Stop Iterative API Pagination Requests When Data "Caught Up"?

Stop Iterative API Pagination Requests When Data "Caught Up"? - powerbi

I've created a minimal reproducible example below for testing, using the free paginated API endpoint https://api.instantwebtools.net/v1/passenger?page=0&size=10 for anyone to use. This endpoint is perfect because it closely resembles my real use case in what I'm looking for.
I'm using an iterative loop process to update page=0 with page=i in the URL endpoint during the iteration to get multiple pages of data. The response of each API call contains a page of 10 records with no primary key or index of any kind.
What I'm looking for is every time I run this query/code, I want to stop the request iteration if we start seeing duplicate results that are already in the previously saved table. My use case makes thousands of API calls, and the latest information is always retrieved first, so I'm looking to just add the latest records from the API to the top of my table, and once we start receiving data that's already in the table, we can stop requesting as we don't have to make the remaining calls anymore.
Specifically, I need a way to determine if all 10 records returned from the current query are already in the previously stored records, and stop the iteration if they are. Since there is no primary key or index of any kind, I think a good way to do this would be to compare the row values.
A pseudo-workflow would look something like:
Run the code once to retrieve and store some records.
Run the code again.
Upon retrieval of the current response, compare the records in the response with the records previously saved in the table:
If the response records are NOT in the table yet, add them to the top of the existing dataset and continue to the next iteration
If the response records ARE in the table, stop the iteration.
An idea I have here to mitigate a double for loop, because this would be helpful to my use case, is to:
Check how many records are in the current response (this example API will return 10 all the time, however my use case is generally between 48-52, it changes randomly, so make this dynamic)
Iterate through the currently saved table with a step size == the length of the response, and check if the current response's "chunk" of records appears in the table (so if we start at j=0in the table, and the response has 9 records in it, compare rows j:j+(9-1) from the table with the current response rows, and if they match, we can end the iteration).
This would be especially helpful for me because sometimes records are retroactively added to some previous datetimes, so to just stop iteration when only one duplicate row is found would not be enough.
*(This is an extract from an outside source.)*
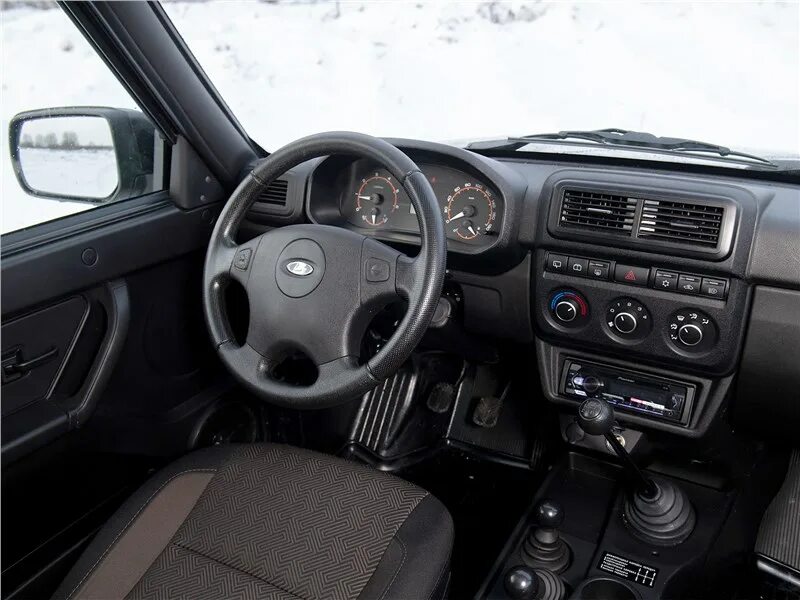 Нива пятидверка 2024 фото салона Фото Lada Niva Legend - Рулевое колесо и обивка сидений позаимствованы у версии 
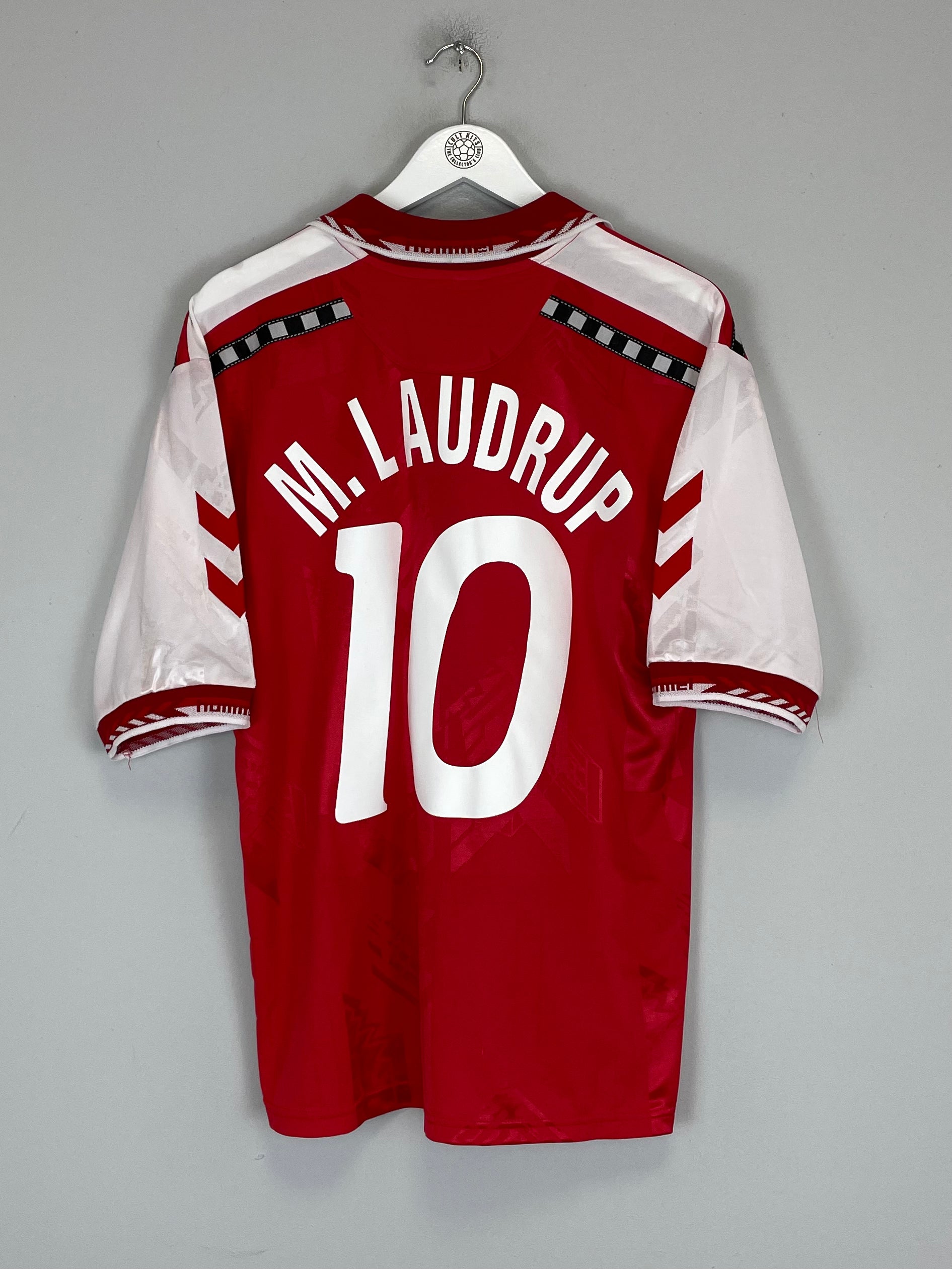 Shop 1996/97 DENMARK M.LAUDRUP #10 *MINT* HOME SHIRT (L) HUMMEL, classic football shirts, vintage football shirts & retro soccer jerseys at Cult Kits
Being able to compare a chunk of roughly 50 rows for equality in the table, I can THEN assume that I can stop making any more requests as that could mark the end of any preceding changes.
Here's the code to get you started, this performs the iterative requesting process successfully, but need to work in the "checking for duplicate row chunks" logic:
let
// Define some variables
_current_page = 0,
_base_url = "https://api.instantwebtools.net/v1/passenger?page=",
_end_url = "&size=10",
_start_url = _base_url & Number.ToText(_current_page) & _end_url,
_iterations = 5,
// Define a function to retrieve each page's response from the API
FnGetOnePage = (input_url) as record =>
let
// Random sleep function re: API limits
sleep = Function.InvokeAfter( () => 2 + 2, #duration(0,0,0,1)),
// Get the JSON response of the current page
Source = Json.Document(Web.Contents(input_url)),
// Return the "data"
res = [Data=Source]
in
res,
// Iterate through the _iterations, gathering each page's data
GeneratedList = List.Generate(
()=>[i=0, res = FnGetOnePage(_start_url)],
each [i]<_iterations and [res][Data]<>null,
each [i=[i]+1, res = FnGetOnePage(_base_url & Number.ToText(i) & _end_url)],
each [res][Data]),
// Unpack the data
#"Converted to Table" = Table.FromRecords(GeneratedList),
#"Expanded data" = Table.ExpandListColumn(#"Converted to Table", "data"),
#"Expanded data1" = Table.ExpandRecordColumn(#"Expanded data", "data", {"_id", "name", "trips", "airline", "__v"}, {"data._id", "data.name", "data.trips", "data.airline", "data.__v"}),
#"Expanded data.airline" = Table.ExpandListColumn(#"Expanded data1", "data.airline"),
#"Expanded data.airline1" = Table.ExpandRecordColumn(#"Expanded data.airline", "data.airline", {"id", "name", "country", "logo", "slogan", "head_quaters", "website", "established"}, {"data.airline.id", "data.airline.name", "data.airline.country", "data.airline.logo", "data.airline.slogan", "data.airline.head_quaters", "data.airline.website", "data.airline.established"}),
#"Changed Type" = Table.TransformColumnTypes(#"Expanded data.airline1",{{"totalPassengers", Int64.Type}, {"totalPages", Int64.Type}, {"data._id", type text}, {"data.name", type text}, {"data.trips", Int64.Type}, {"data.airline.id", Int64.Type}, {"data.airline.name", type text}, {"data.airline.country", type text}, {"data.airline.logo", type text}, {"data.airline.slogan", type text}, {"data.airline.head_quaters", type text}, {"data.airline.website", type text}, {"data.airline.established", Int64.Type}, {"data.__v", Int64.Type}})
in
#"Changed Type"

Related

Create idex with repeated data

I have data from an external source that is downloaded in csv format. This data shows the interactions from several users and doesn't have an id column. The problem I'm having is that I'm not able to use index because multiple entries represent interactions and processes. The interactions would be the group of processes a specific user do and the process represents each actions taken in a specific interaction. Any user could repeat the same interaction at any time of day. The data looks likes this:
User1 has 2 processes but there were 3 interactions. How can I assign an ID for each interaction having into consideration that there might be multiple processes for a single user in the same day. I tried grouping them in Power Query but it groups the overall processes and I'm not able to distinguish the number of interactions. Is it better to do it in Dax?
Edit:
I notice that it is hard to understand what I need but I think this would be a better way to see it:
Process 2 are the steps done in an interaction. Like in the column in yellow I need to add an ID taking in to consideration where an interaction start and where it ends.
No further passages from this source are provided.